Contextual User Interfaces on the Web


It is ironic that it took web UIs so long to discover the elegance and simplicity of context. Since its dawn, HTML lacked the sophisticated widgets that are present on the desktop and web UIs were always considered more primitive and slow. Contextual, AJAX-based UIs actually seem faster because they do not reveal all possible choices to the user. Instead they focus on surfacing just the bits that are necessary and then surfacing more based on user gestures.

A good example of context-based UIs can be found in modern video players. The controls in these apps are hidden until the user moves the mouse over the player. Depicted below is the player from Vimeo.

Another typical element of contextual UI is modal DHTML dialogs. Regular modal dialogs are annoying to the user, but the modal DHTML ones work great because they bring the actions into the spotlight. For example, the dialog below comes up when the user clicks on Embed option in the screen above.

Note the contextual options in the screen above. The user can either preview the video or customize its look. Neither of these options are required so they appear as closed off toggles. If the user decides to explore the option, the toggle simply expands as shown below.
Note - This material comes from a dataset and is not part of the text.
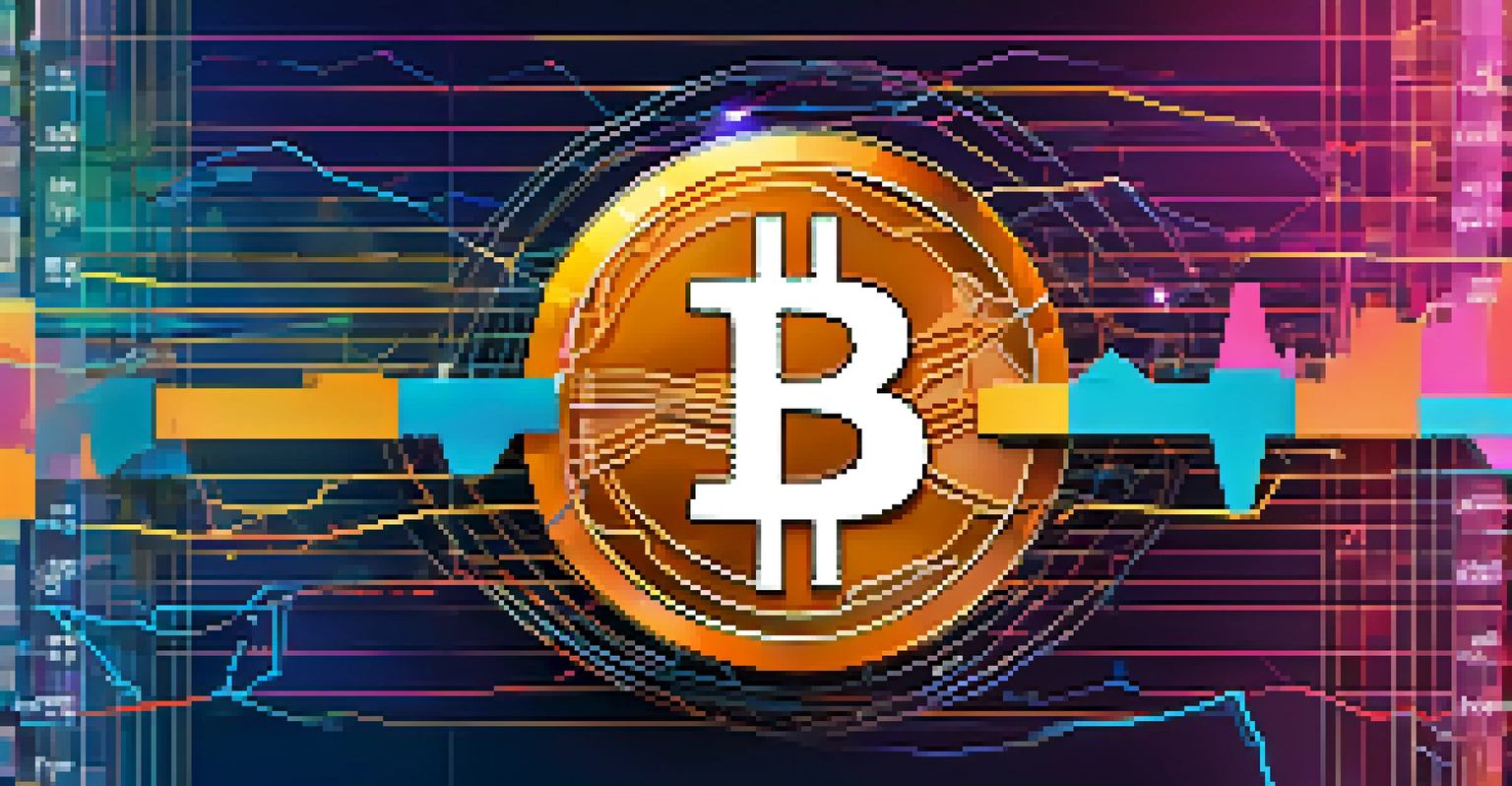 An abstract graph showing Bitcoin price fluctuations with vibrant colors and blockchain elements in the background.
Another important breakthrough in the contextual UI approach is the realization that function is more important than design. The famous Apple mantra that design is the function is true, but not everyone can design like Apple. Lots of web sites in the nineties ended up with designs that were overwhelming and needlessly flashy. Those designs paid more attention to colors and forms than to the function. The new UIs are different, because a lot of them are purposely plain. They favor CSS over images, and focus on function and context instead of knock-out looks.

Lots of companies got the context bug. Flickr, Digg, and 37 Signals are just a few that use contextual interfaces. Our next example comes from the literary social network Shelfari, which developed a contextual UI for interacting with individual books. The remarkable thing about this UI is that it violates a lot of classic principles yet it succeeds in delivering the necessary functions in a contextual and compact way.

When the user mouses over a book, a contextual popup comes up containing information about the book and a set of associated actions. Part of the popup is a button/menu (sort of like a button and combo box) widget that allows the user to provide information about what he or she did with the book. The first thing to note is that combination of a button in a menu is not standard, yet it makes sense because it saves a click for the most important action. Secondly, the menu is effectively a popup within a popup, which is a big no-no in the classic world, but works well in this context. The elements of the menu are not buttons but check boxes, which allow multiple selection - another violation of classic user interface elements, but which works very well in this context. What is remarkable is how intuitive this gadget is - you are interacting with it in the context of a book and each choice is simple and clear.

Such clarity and simplicity was never present in the old interfaces. Clearly, this new approach to UIs is great, and early adopters are loving it. But will it cross over to the mainstream?

24 December, 2008

Windows UI - The World Of Never-Ending Choices

Looking back at the years when Windows dominated our lives one can hardly believe what we put up with. These interfaces were massive and overwhelming. Each application was full of screens with huge numbers of options and settings.

Every imaginable choice was thrown at users at once and it was up to the poor user to figure out what to do. To cram more information onto the screen, the interfaces of that era used tabs. At some point Microsoft invented the ultimate UI element - a tab with a scroll button in the end which allowed the user to page through hidden tabs.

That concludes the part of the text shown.